Based upon fame, resume, and persona... yeah. But structurally, no. It can be very hard to get offices up in every state, to get yourself on all the ballots, and to have ads and things out everywhere.
Perot put a ton of his personal wealth into the election, and I don't know that Cindy McCain could have afforded (or even wanted) to expose her own wealth in that way. And I'm not sure that McCain would have had the organizaitonal skills required to run on his own.
Whether or not he had any inclination to do so, I would imagine he would have viewed Teddy Roosevelt's 1912 3rd Party campaign (http://en.wikipedia.org/wiki/Progressive_Party_(United_States,_1912)) as instructive.
But more specifically, he could still have more effectively positioned himself as a maverick, even without dropping from the Republican party - he'd just do a stronger job of distancing his future plans from some recent republican policies.
It's not enough, for a lot of voters, for McCain to point out his maverick stands in the past - he has to paint a specific departure from Repulican orthodoxy he intends in the future. And he hasn't done that. Which is why Obama keeps pushing the "he voted with Bush 90% of the time" angle.
What it ends up looking like, is that McCain (1) either isn't really a maverick after all or (2) wants to be a maverick but can't impose his will upon his own supporters.
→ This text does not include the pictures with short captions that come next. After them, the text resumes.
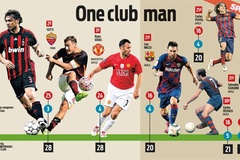 Messi xếp Top 3 cầu thủ "trung thành" nhất châu Âu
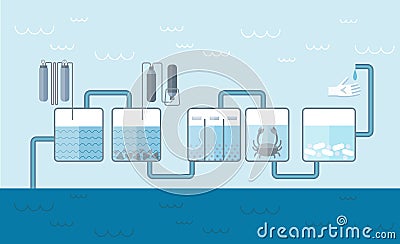 Water Cleaning System Background Vector Illustration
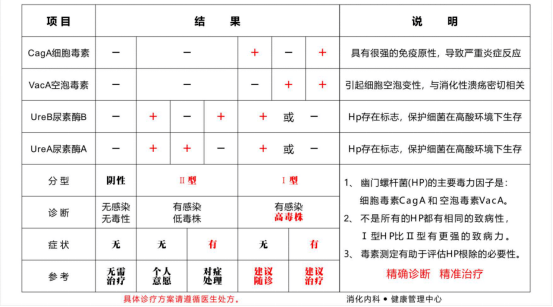 hp幽门螺杆菌对照表图片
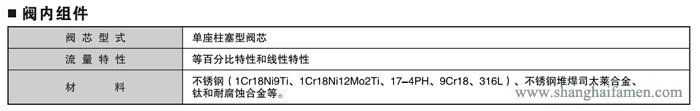 气动薄膜单座调节阀结构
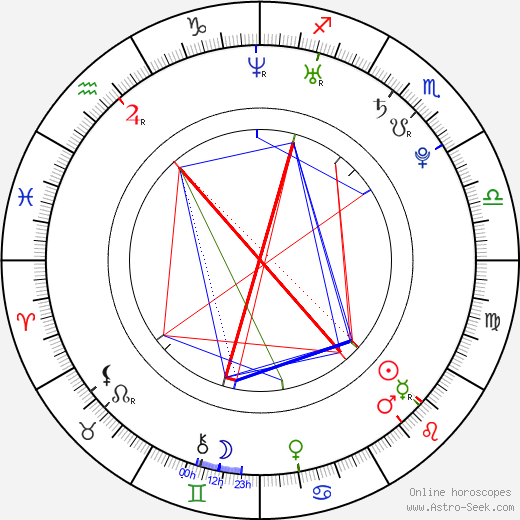 Lenka Ledvinová birth chart, Lenka Ledvinová astro natal horoscope, astrology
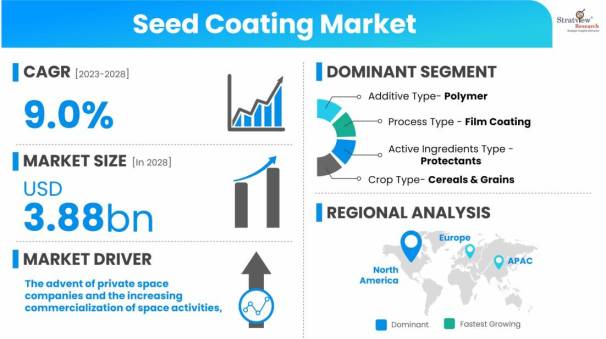 Seed-Coating-Market-Dynamics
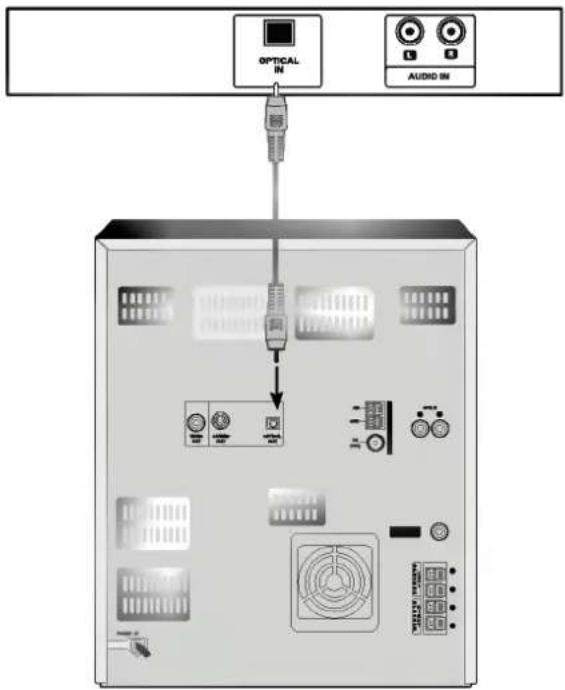 OPTICAL IN AUDIO IN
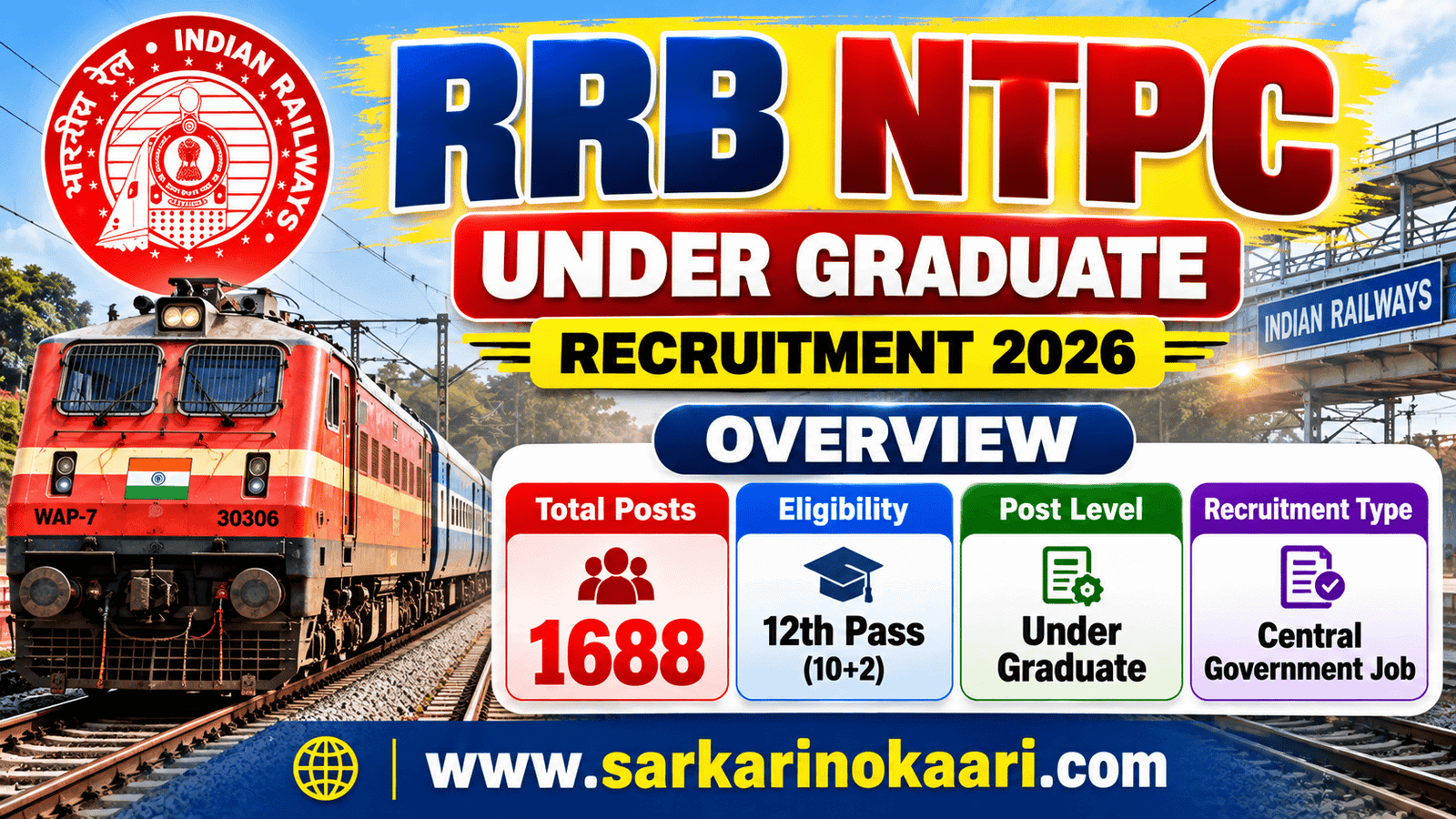 You are currently viewing RRB NTPC Vacancy 2026: RRB NTPC UG 1688 Post Notification Out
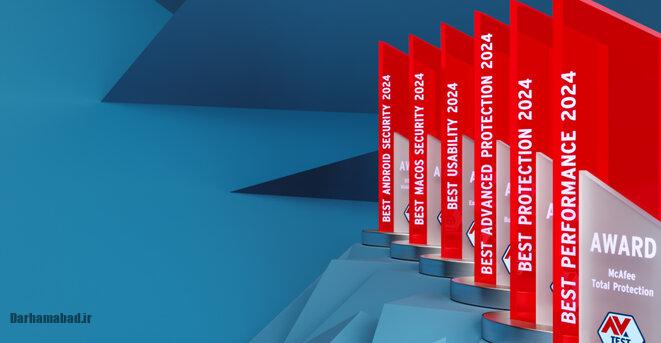 ویروسی شدن کامپیوتر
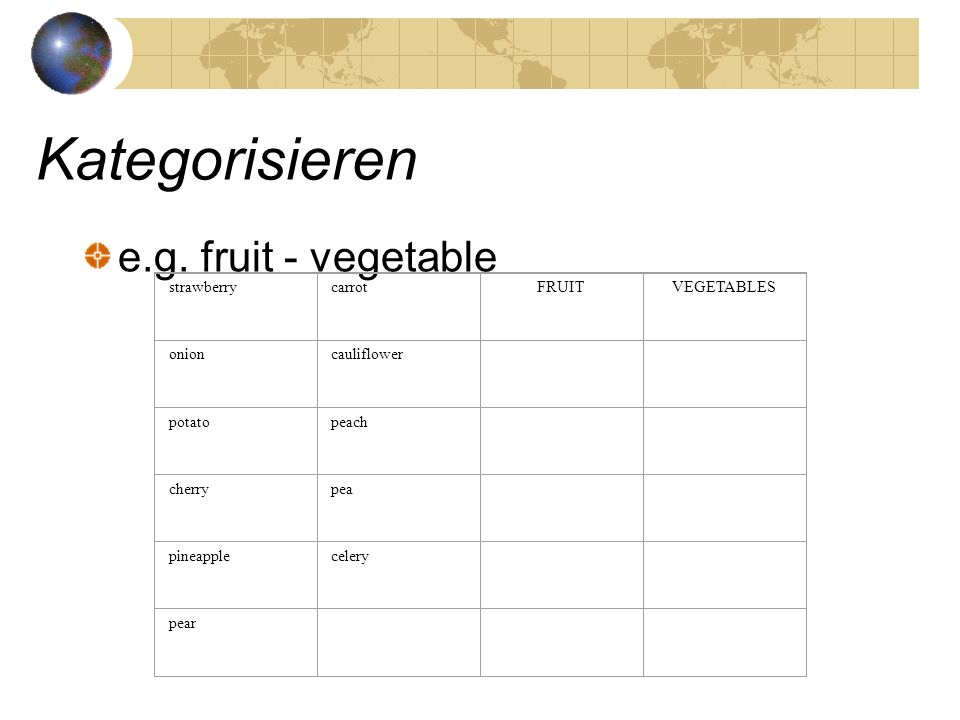 Kategorisieren e.g. fruit - vegetable strawberry carrot FRUIT
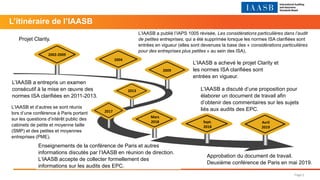 Page 2
L’itinéraire de l’IAASB
L’IAASB a entrepris un examen
consécutif à la mise en œuvre des
normes ISA clarifiées en 20...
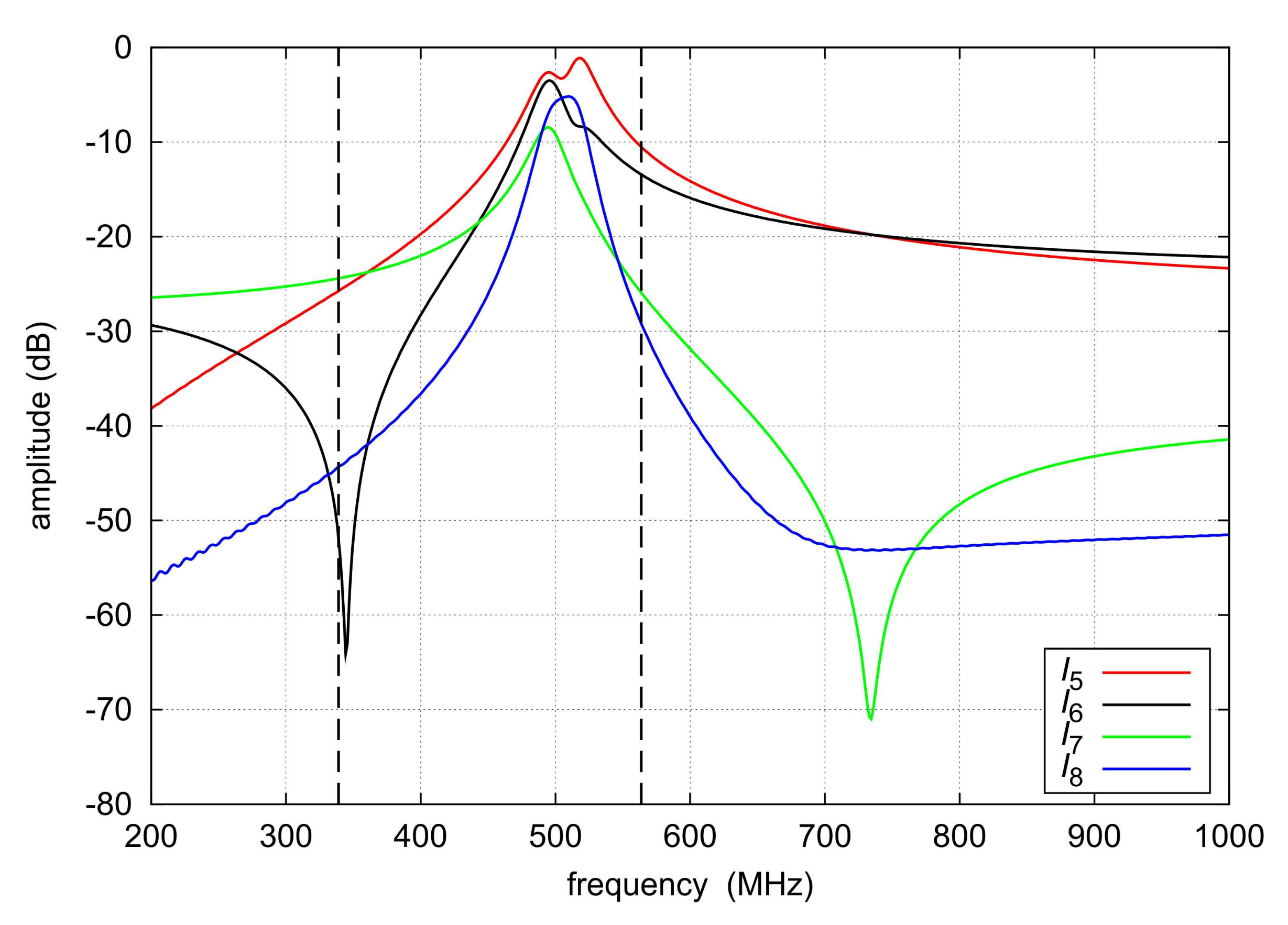 Electronics 11 00807 g018
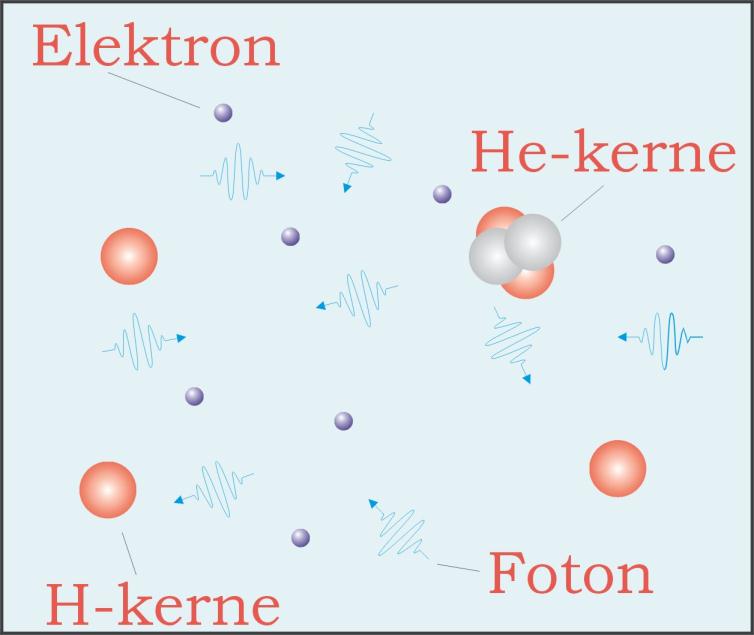 Universets opståen og udvikling 20 Atomkerner opstår Neutroner og protoner danner kerner af helium,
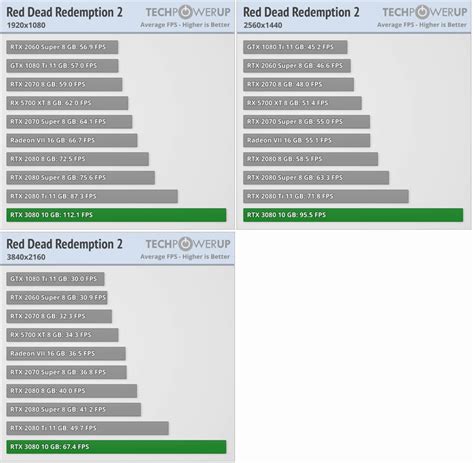 First third-party benchmarks for the NVIDIA GeForce RTX3080, is 30% ...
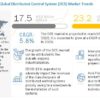 Distributed Control System Market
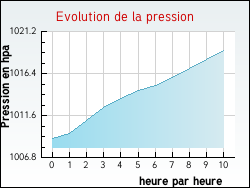 Evolution de la pression de la ville Carville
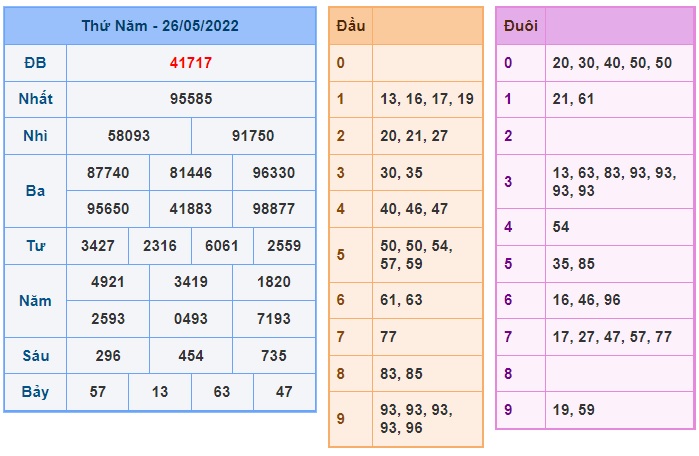 Soi cầu XSMB Win2888 27-05-2022 Dự đoán cầu đề miền bắc thứ 6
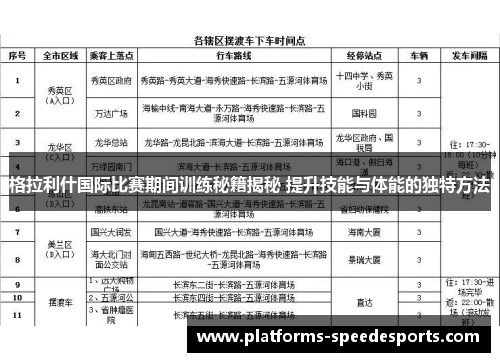 格拉利什国际比赛期间训练秘籍揭秘 提升技能与体能的独特方法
Either of which hurts him when trying to woo remaining voters that are genuinely undecided between McCain or Obama.
So on a test of "is he leading his party in a new direction or just getting pulled along" McCain isn't doing that. Obama does that in his rhetoric, but it's still a matter of hope to see whether he could manage a democratic congress once they've all won an election. Bill Clinton certainly couldn't.